Published online by Cambridge University Press: 01 March 2011
Preceded by an introduction to fibroblastic neoplasms and fibroblast biology, this chapter discusses lesions that include the word fasciitis in their name and two putative reactive lesions, retroperitoneal fibrosis and keloids. All of these are composed of fibroblasts and myofibroblasts; the latter are fibroblasts that typically contain smooth muscle actin and have contractile properties, originally described in wound healing.
Fasciitis is a clinicopathologically heterogeneous group that contains several distinct entities. Eosinophilic and necrotizing fasciitis are inflammatory and infectious conditions, respectively. They are unrelated to other lesions termed fasciitis but are included here because of similar terminology.

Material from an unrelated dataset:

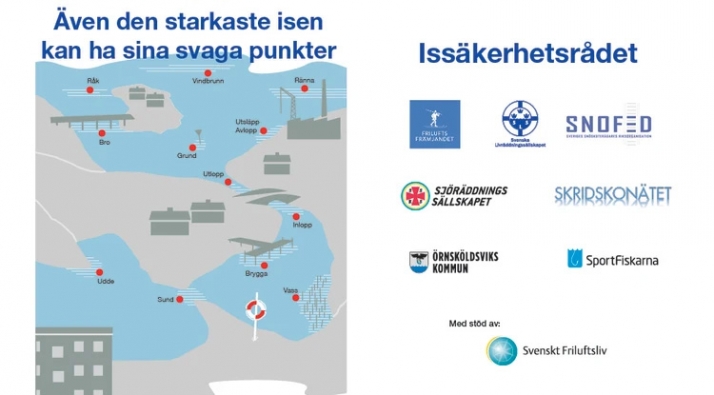 Nu lägger sig skärgårdsisarna – tänk på säkerheten!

Benign fibroblastic tumors and tumor-like lesions form a large and heterogeneous group of non-neoplastic and neoplastic tumor entities. Some of these have a predilection for children, and some occur only in adults. Benign fibroblastic proliferations in this book are divided arbitrarily into four groups: (1) fasciitis and related lesions, (2) benign fibrous neoplasms (fibromas and related tumors), (3) fibromatoses, and (4) myxomas and other myxoid lesions. (Fibrous proliferations of children are presented in two separate chapters encompassing benign tumors and those of variable biologic potential.)
Lack of hard evidence makes it difficult to separate reactive and neoplastic conditions in some instances. Likewise, some lesions thought to be neoplasms could actually be reactive. In some instances, the commonly used designations are actually misleading about the true nature of the lesion; for example, nuchal fibroma, penile fibromatosis, and fibromatosis colli may all be reactive processes.